When tortillas are involved, there must something tasty going on. Think about it: nachos, tacos, enchiladas, burritos, quesadillas, they all share the same basic ingredient, and they all taste amazingly good.
All this goodness comes often with a price, in fact these popular tortilla-based dishes are not always the lightest option on the menu. – Sigh-.
That’s when these Mexican Taco Bowls with Mixed Bean Salsa come to rescue you. These tasty cups have all the best flavors from the south-american cuisine, and are packed with healthy benefits. Basically, guilt-free foodporn.
Taco cups are an extraordinary discovery. I’ve just recently found out that ou can have a lot more fun with a muffin tin, than just baking muffins and cupcakes – which I’m very grateful for, btw-.
Simply place upside down a muffin tin, and spray a little with cooking spray oil. Heat the tortillas until warm and place them on the muffin tin. As easy as it is, you only have to bake them until golden, and you’re good to go. Your tortilla bowls are ready to eat in a bite, maybe two.
To make the salsa I’ve used organic beansprouts, a mixture of green and brown lentils, chickpeas and mung beans. These fresh beansprouts are packed with vitamins A, B & C and iron and their flavor surprisingly good. They also combine great with the other ingredients: sweetcorn, spicy jalapeños, red bell pepper, cilantro, lime and onion, adding extra crunchiness to the Pico de Gallo base.
These Mexican Taco Bowls with Mixed Bean Salsa are a fantastic party finger food, or a great snack for a cozy movie night on the sofa.

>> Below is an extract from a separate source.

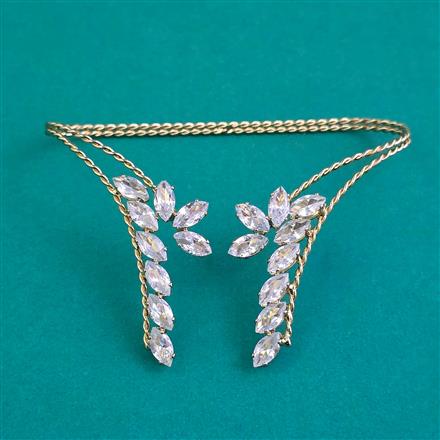 Indo Western Adjustable Ring With Mehndi Plating Gold Plating Rhodium Plating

They’re also perfect to please any vegan / vegetarian /gluten – dairy – nuts allergic friend in your guest list – you have no excuses but to eat them. You can also choose to keep them natural and simple or give them a twist and drizzle with your favorite sauces.

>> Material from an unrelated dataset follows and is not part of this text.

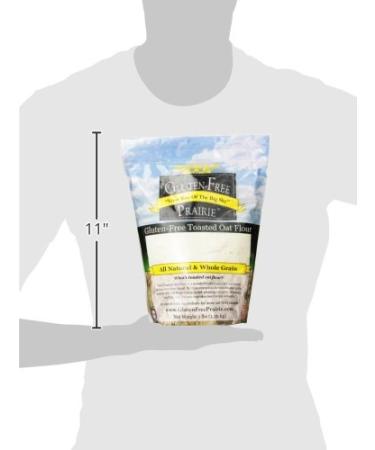 Gluten-Free Prairie Toasted Oat Flour - 3lb Pack | Certified Gluten Free, Non-GMO, Vegan - Buy Online on GoSupps.com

I often serve them with avocado mayo ( 2 tbsp homemade mayo + 1 tbsp Greek yogurt + 1/2 avocado +1 tsp lime juice), and they’ve quickly become a favorite in the house!
- 4 large tortillas
- ½ red bell pepper, finely minced
- ½ jalapeno, finely sliced
- 1 tbsp lime juice
- ⅓ red onion, finely minced
- 2 tbsp fresh coriander, chopped
- 1 pack organic mixed bean sprouts
- ⅓ cup sweetcorn
- Salt & Pepper to taste
- With the help of a large food ring, cut the tortillas into circles.
- Heat the tortillas until warm. Turn a muffin tin upside down and spray with cooking spray oil.
- Place the circle on the muffin tin. Bake in a preheated oven to 320F/160C until golden and crisp, about 15 mins.
- In the meantime, in a large bowl combine all the ingredients to make the salsa. Season well with salt and pepper and refrigerate until ready to serve.
- When ready, remove the taco bowls from the oven and allow to cool down.
- Serve the mixed bean salsa into the taco bowls and either keep it natural, or drizzle with your favorite sauce. Enjoy!